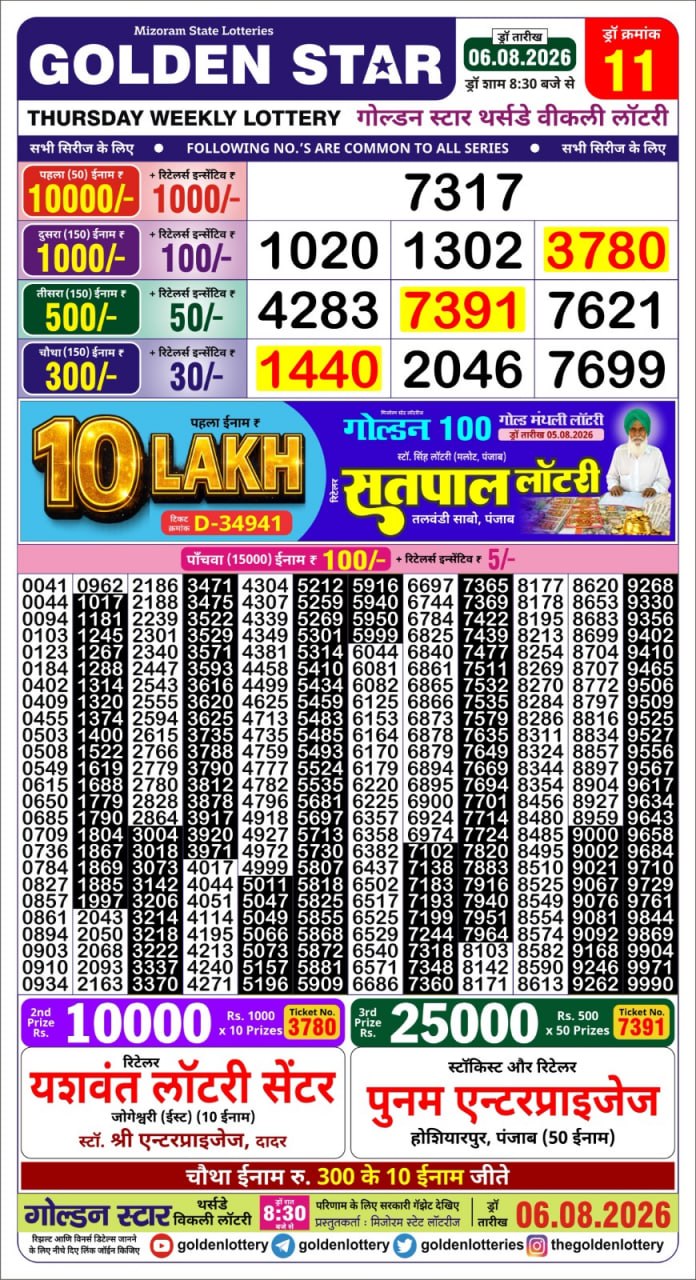 Today Lottery Sambad
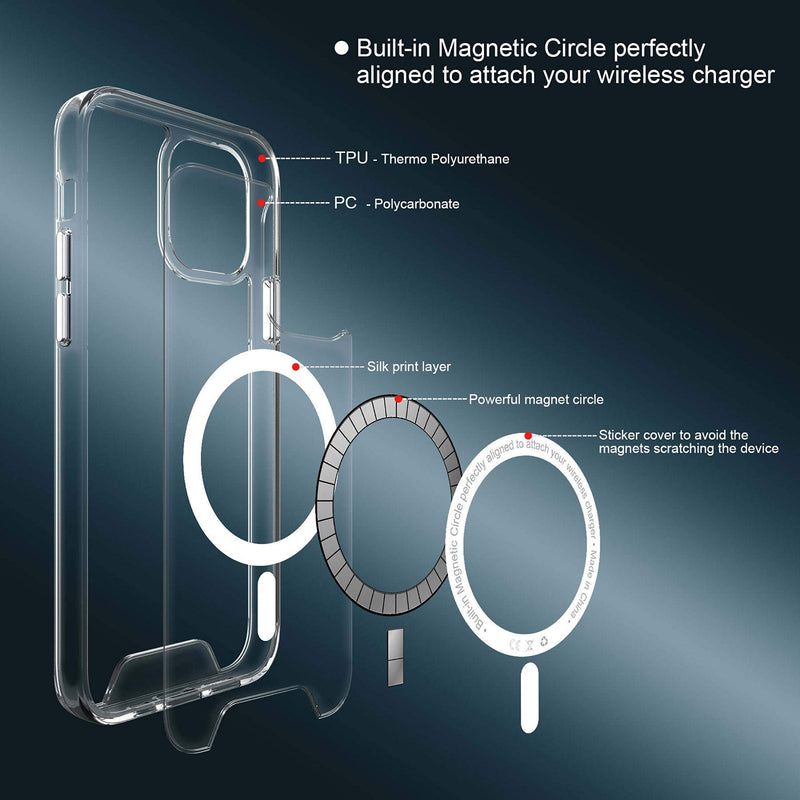 KEVIV Full Protection Magnetic Clear Phone CASE with Tempered Glass Screen Protector for iPhone 12 Pro Max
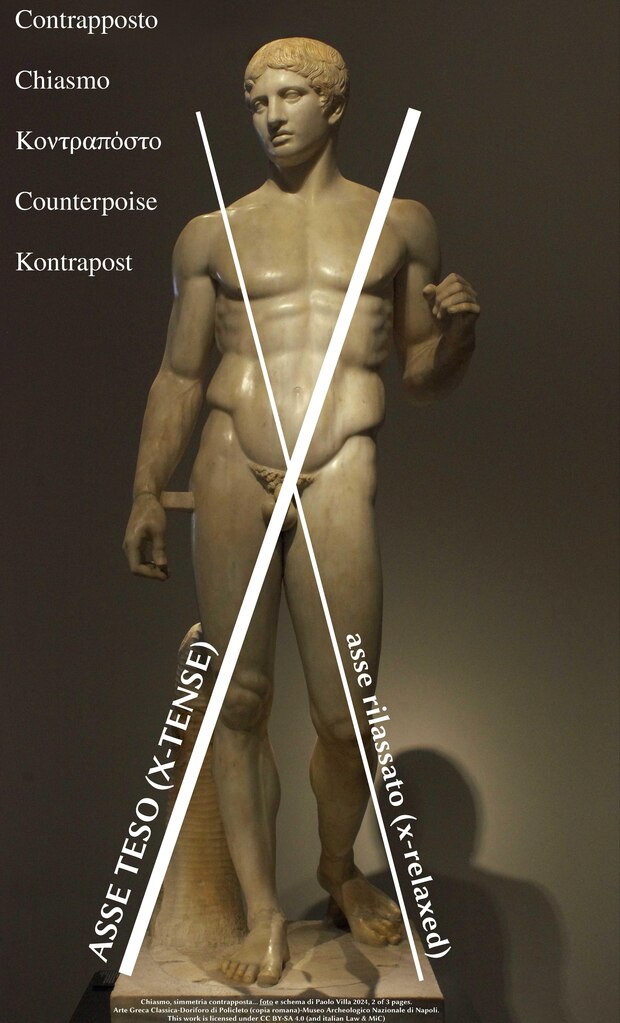 Contrapposto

______________________________

§ Task details
Drop every picture from the data, then output all the rest exactly.

§ Expected answer
 Today Lottery Sambad
 KEVIV Full Protection Magnetic Clear Phone CASE with Tempered Glass Screen Protector for iPhone 12 Pro Max
 Contrapposto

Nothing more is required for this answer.